Where does the Lagrangian function come from? I know about gradient vectors and $\lambda$: $$ \nabla f = \lambda \nabla g $$
But from there what steps were done to get the Lagrangian function? (This one): $$ L\left(x,\ y,\ \lambda\right)=f\left(x,y\right)-\lambda\left(g\left(x,y\right)-c\right) $$
Why can the constant $c$ be included here?
I am a high school student trying to explain it, and it most probably goes way over my head, so I am mostly just looking for a reference proof I can point towards in my bibliography. I can't find one; thank you for any help in that regards.

I’ll try to stick with your notation. You are minimizing $f(x,y)$ subject to the constraint that $g(x,y) = c$.
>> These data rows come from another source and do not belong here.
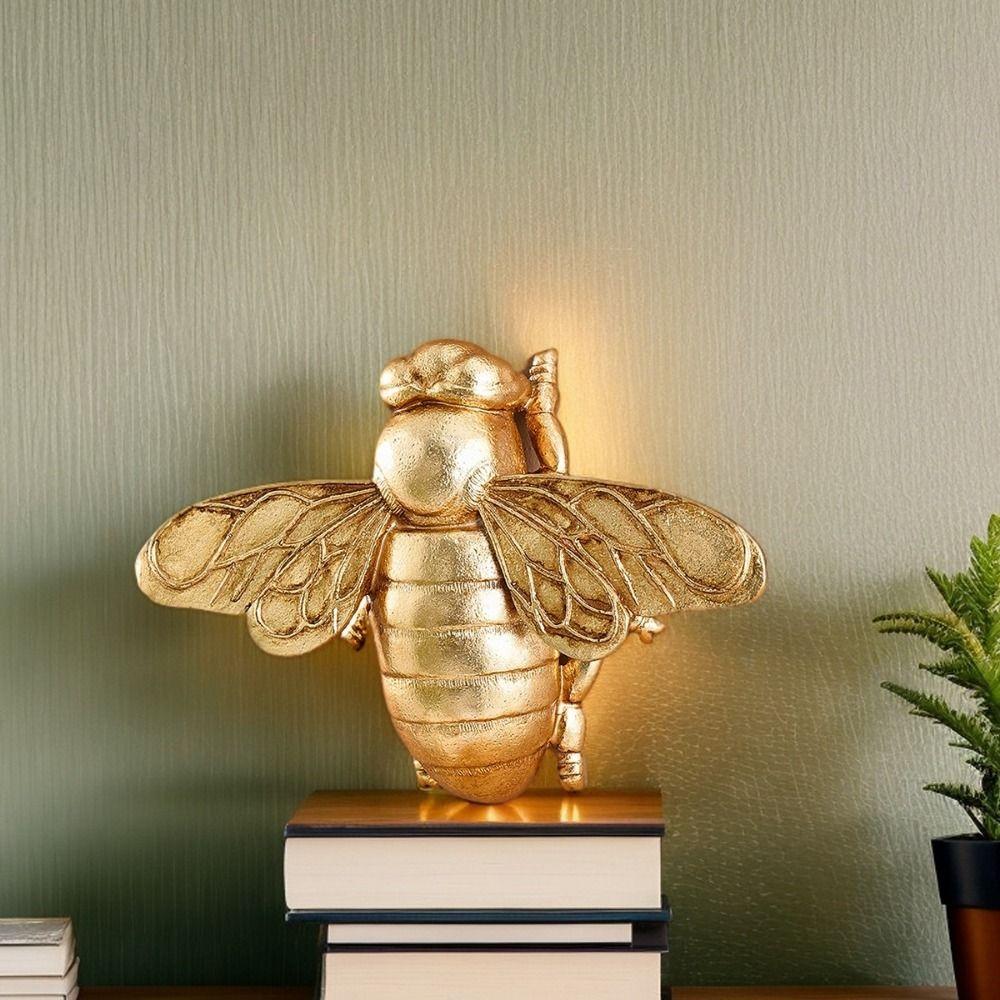 Unique 3D Golden Bee Wall Sculpture Handcrafted Resin Wall Lamp Decoration Hanging Decorative Animal Sculpture For Gallery Wall
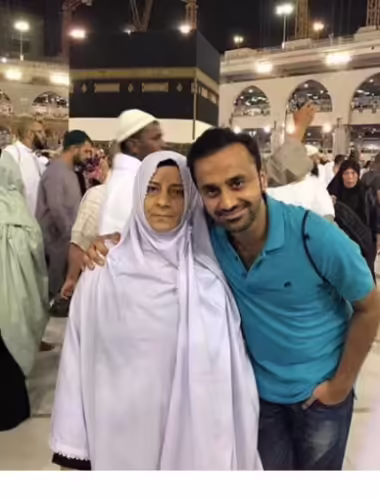 Waseem Badami's new pictures from his Umrah journey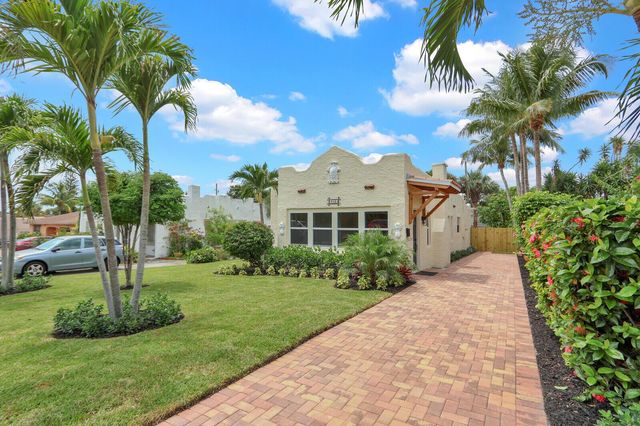 842 Selkirk Street, West Palm Beach, FL 33405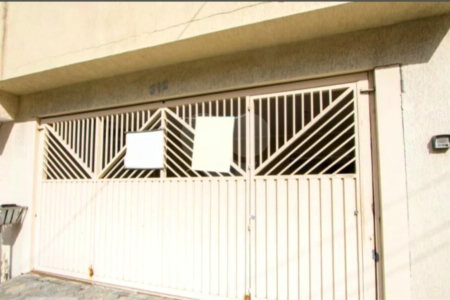 Casa com 172m² , 3 dormitórios , sendo 1 suíte , 2 vagas , à venda no Jardim Alvorada em Santo André.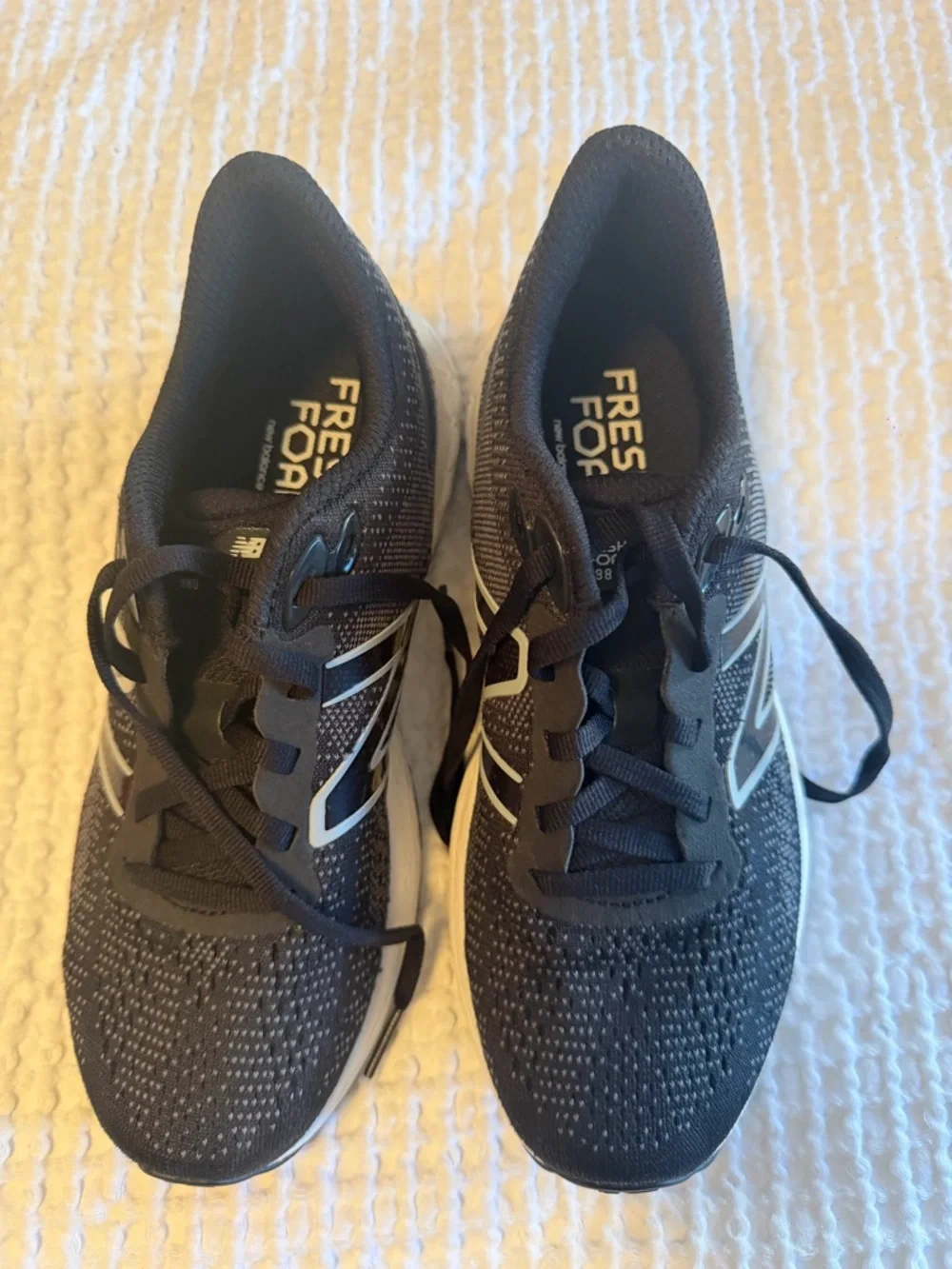 New Balance Kids Size 3 Medium Black Sneakers New In Box - Picture 4 of 5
You can learn about Lagrange multipliers without mentioning the Lagrangian. Once we write down the optimality conditions $$ \nabla f(x,y) - \lambda \nabla g(x,y) = 0 \quad \text{and} \quad g(x, y) - c = 0 $$ someone clever might notice that if we introduce the function $$ L(x,y, \lambda) = f(x,y) - \lambda (g(x,y) -c) $$ then these equations can be written as $$ \frac{\partial L}{\partial x} = 0, \quad\frac{\partial L}{\partial y}=0, \quad \frac{\partial L}{\partial \lambda}= 0 $$ which looks kind of neat.
Here is another way you might think of introducing the Lagrangian. One might try to enforce the constraint $g(x,y) = c$ by including a penalty term $-\lambda(g(x,y) - c)$ in the objective function. With this strategy, our new optimization problem is to minimize $$ \tag{1} f(x,y) - \lambda (g(x,y) - c) $$ with no constraints on $x$ and $y$. If we solve this problem and find that $g(x,y) < c$, then let’s increase the value of $\lambda$ a bit (which increases the penalty for having $g(x,y) < c$) and try again. We can hope to find a perfect value of $\lambda$ such that a point $(x,y)$ which minimizes (1) also satisfies $g(x,y) = c$.